Na semana em que estou a escrever estas linhas decorreu a apresentação perante a Comissão Parlamentar de Educação e Ciência de um memorando a cujas linhas o autor, José António Salcedo, deu acesso prévio na sua página do Facebook. Sou um seguidor de longa data do professor e empresário, com o qual partilho muitas vezes opiniões sobre este e outros assuntos, e sempre achei que deveríamos estar atentos àquilo que é a sua opinião no que à educação diz respeito. Isto atendendo à sua experiência no mundo académico (que inclui Stanford e a Universidade do Porto) e a sua experiência empresarial (aqui e na Noruega). E louve-se esta recetividade do parlamento, embora tardia.

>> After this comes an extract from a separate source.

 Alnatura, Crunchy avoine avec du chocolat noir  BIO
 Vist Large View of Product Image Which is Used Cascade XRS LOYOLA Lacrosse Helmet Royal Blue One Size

O Memorando é muito abrangente em termos de educação. O ensino superior é aquele que está menos detalhado. Mas é por isso que o escolhi para estes parágrafos, para que a nossa opinião não seja feita dos detalhes, mas sim das linhas orientadoras. E, numa nota de rodapé, Salcedo diz, e eu transcrevo, “Uma escola superior que não saiba estabelecer o perfil dos alunos que quer ter e/ou não pretenda fazer a sua seleção, assumindo por ela completa responsabilidade, é uma escola que não deve existir e que deveria ser encerrada”.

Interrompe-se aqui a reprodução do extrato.